My cell phone, somewhere down the beach, being washed out to sea? Not again--this happened two years ago. How could I be so careless?

Slowing down, I study debris on the beach in the growing darkness: clumps of seaweed, food wrappings, the handle of a broken shovel.

Suddenly I see a young Latino man coming toward me with his hand outstretched, my cell phone lying in it. I must have just jogged past him.

"Oh, thank you so much!" I cry, taking the phone.

He smiles and turns back. I open the phone and yes, it's still working though a little wet and sandy. He must have picked it up quickly, before a wave covered it.

Brimming with relief and gratitude, I start jogging south again, keys in one hand, cell in the other.

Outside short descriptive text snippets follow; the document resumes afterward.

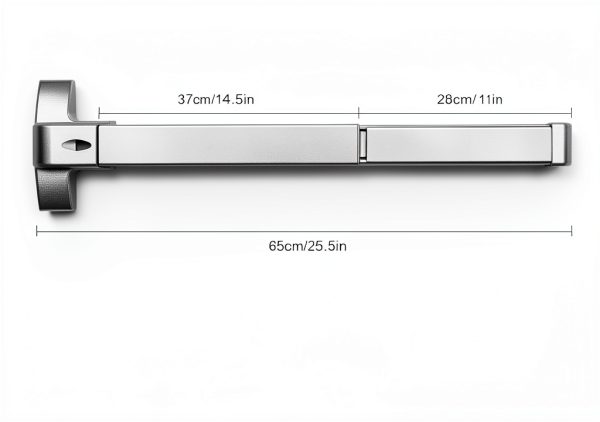 Commercial Panic Exit Device 25.5" Steel Lever & Key Lock QLYYOPSK-1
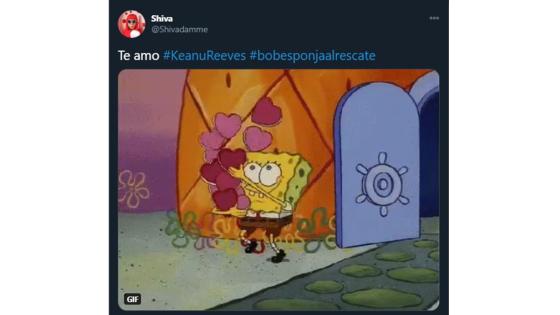 Meme del estreno de Bob Esponja al rescate.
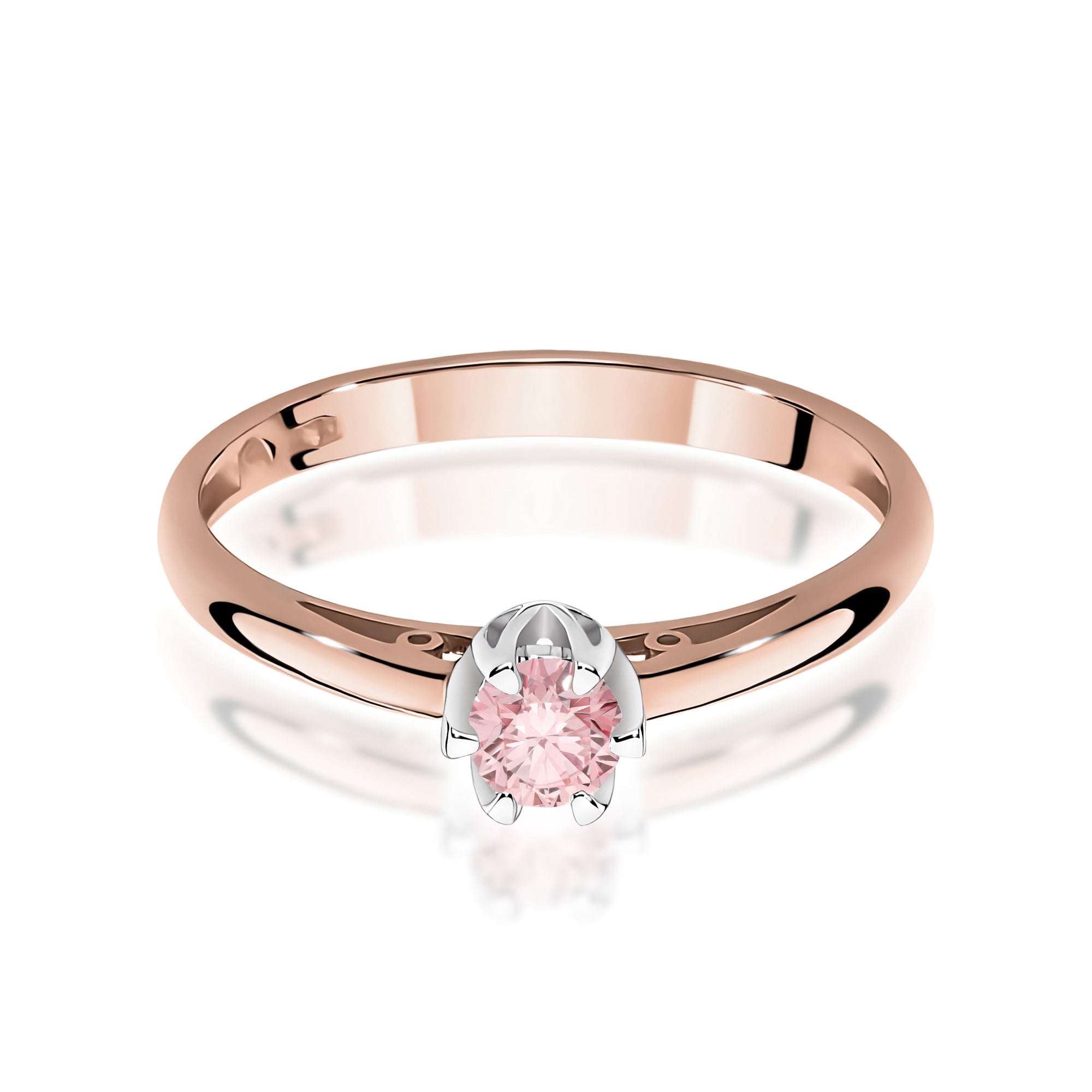 Inel Aur 14K cu Diamant Natural 0.15 ct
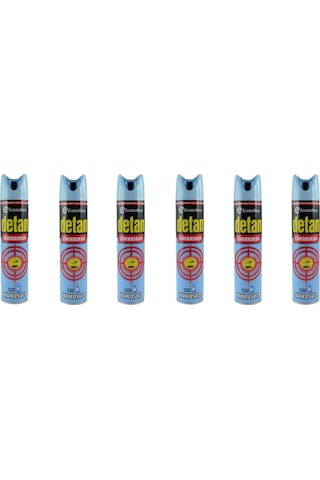 DETAN SİNEKKIRAN KOKUSUZ 275 ML x 6 ADET DETAN SİNEKKIRAN KOKUSUZ 275 ML x 6 ADET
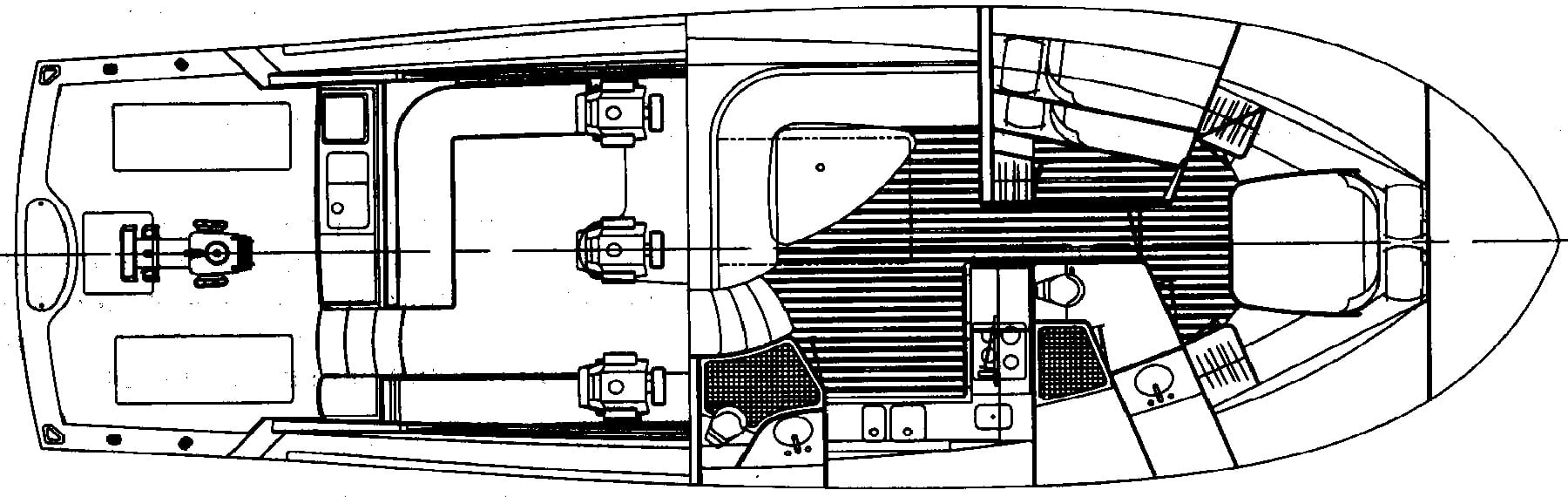Cabo Yachts 52 Express floor plan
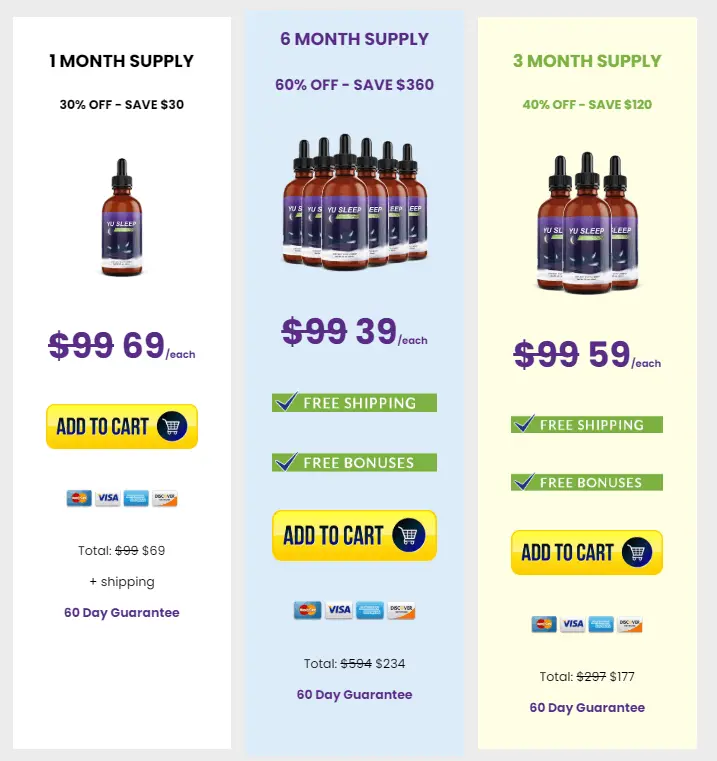 Yu Sleep pricing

The Venice breakwater is fully visible today, though tide's still high and I can't walk out there.

I take a photo of the red and smudgy sky and start jogging back, illegal firecrackers exploding around me on the beach and in the sky. I'm jittery, startled by each one, resolving to jog in the morning on the next Fourth of July.

Dogs, also illegal, and their owners appear on the beach as usual after dark, and the scent of marijuana wafts past me more often.

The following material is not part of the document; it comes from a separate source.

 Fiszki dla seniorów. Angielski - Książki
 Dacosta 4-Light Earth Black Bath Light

A thin white sliver of moon appears in the sky, turning orange as it descends into the smoke. Later I check and see, yes, we are two days past the new moon.


I stumble into a hole filled with loose wet sand, probably dug for a child and just now sloshed with sand by the waves.
The sky glows a deeper rose now, and the ferris wheel on the pier in red, white and blue changes from a pinwheel to a rotating Gothic Cross to a rumpled American flag pattern. With blue and red in the sky, white in the crashing waves, I don't need any more spectacle than this.

At home John and I celebrate the Fourth by eating hotdogs grilled outside, and I don't tell him about losing my cell phone.

Tuesday, July 1, 2008

Very Pacific

The bowl is full this evening, spilling onto sand, almost lapping the wooden ramps of lifeguard stations. I've never seen a tide this high.

There's no room for jogging, just a choice between deep dry sand and sloshy ocean transgressing the North American continent.

It's 8 pm as sun sinks behind the Santa Monica Mountains, red sky smudged with grey by fires further north.

How pacific the ocean is at this moment, though still capable of sudden, sly swipes toward my shoes. Dimly after sunset I see two surfers bobbing in small waves not strong enough to ride them to shore. One slosh of salt water forces me to sprint a few yards inland on deeper sand.

The Venice breakwater has become just a broken string of small rocks occasionally disappearing in the waves. Sea stars and anemone stretch, crabs stalk far below water, enjoying the rich diet this tide brings them.

Instead of walking there, peering into crevices and hopping from boulder to boulder, I'm standing forty yards away where shore is tonight, the higher bank of sand now under assault.

Early July sky stays bright long after sunset. At 9 pm Scorpio still is invisible except for the red glow of Antares, and Jupiter is the only planet I can see among the planes taking off from LA International Airport.

A mile north the new ferris wheel changes from turquoise to red to a patriotic blend of color, anticipating the Fourth of July.